Piccoli reattori crescono. Il rilancio del nucleare civile, che negli Usa è stato pomposamente definito nuclear renaissence, data ormai da qualche anno, ma il suo cammino è accompagnato da segnali contrastanti. Diversamente dagli anni 70-80 del secolo scorso, quando la costruzione dei reattori nucleari era concentrata in Occidente, oggi sono i Paesi orientali (Cina, Corea del Sud, India, con l’aggiunta della Russia) a costruire reattori tradizionali di grossa taglia, mentre in Europa e negli Usa l’attenzione è concentrata sulle cosiddette nuove tecnologie come gli Smr (Small modular reactors) che tanto appassionano diversi uomini politici nostrani, ivi incluso il ministro della Transizione ecologica.

In realtà gli Smr, dal punto di vista dello sfruttamento dell’energia nucleare, non costituiscono né una novità, né una opportunità a portata di mano: dei 72 progetti di Smr censiti dalla Aiea nello yearbook del 2020, molti sono in fase di progettazione concettuale, mentre gli altri non hanno mai superato la fase del prototipo.
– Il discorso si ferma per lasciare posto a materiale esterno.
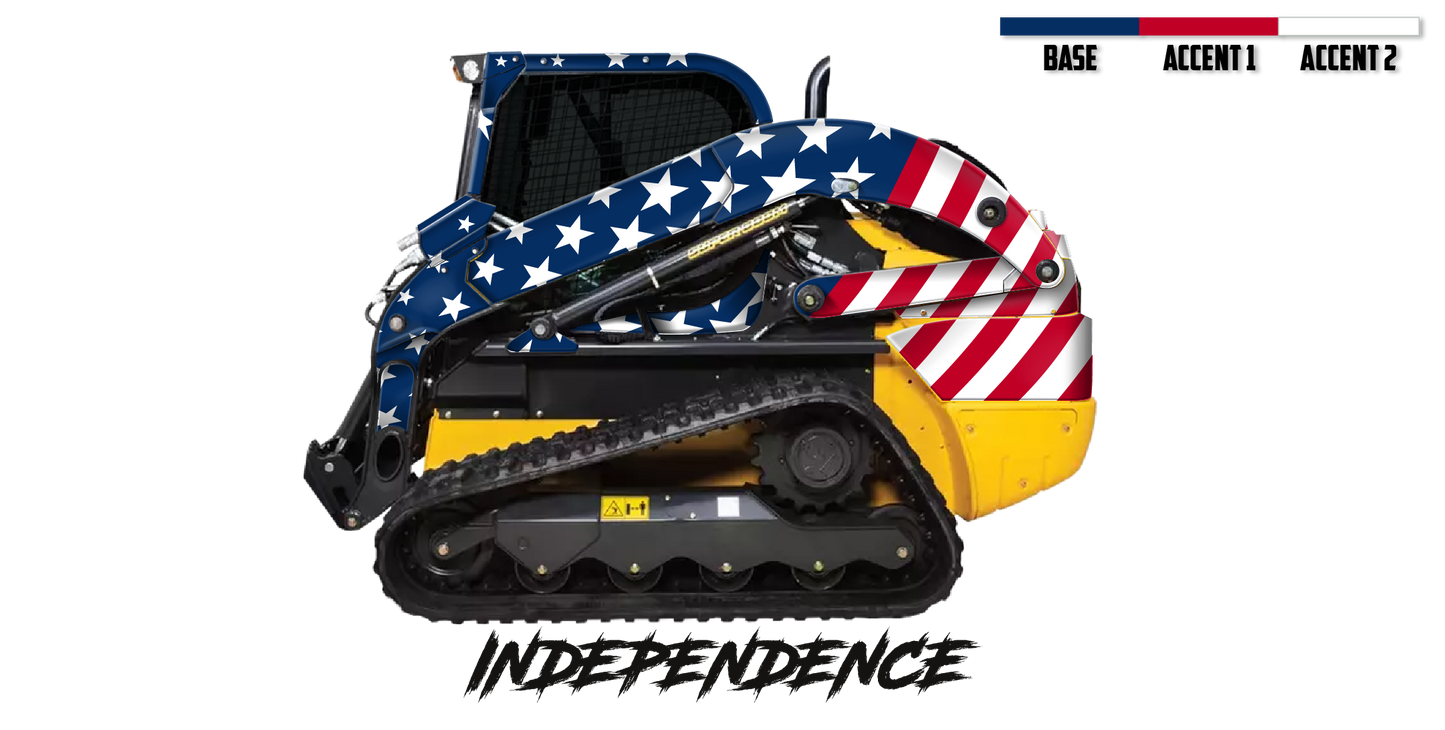 New Holland C332 Wrap Kits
Di mio posso aggiungere che 7-8 di questi progetti li esaminammo in Enel 40 anni fa, tanto è il tempo trascorso dalle promesse iniziali di certe innovazioni che tali sono rimaste. Se di novità si deve parlare, essa riguarda le modalità di costruzione che, come indicato dalla sigla, sono realizzate per moduli, cioè parti di impianto assemblate in fabbrica e poi montate sul sito dell’impianto allo scopo di accorciare i tempi di costruzione e diminuire i costi. Ciò implica, però, che i reattori abbiano una potenza contenuta come il prototipo della NuScale, recentemente licenziato dalla Nrc (Autorità di sicurezza Usa, nda), che sviluppa appena 77 mWe (megawatt elettrici) per cui, nel caso di potenze più elevate come quelle richieste nella produzione di energia elettrica, viene meno il concetto di economia di scala e quindi la redditività dell’impresa.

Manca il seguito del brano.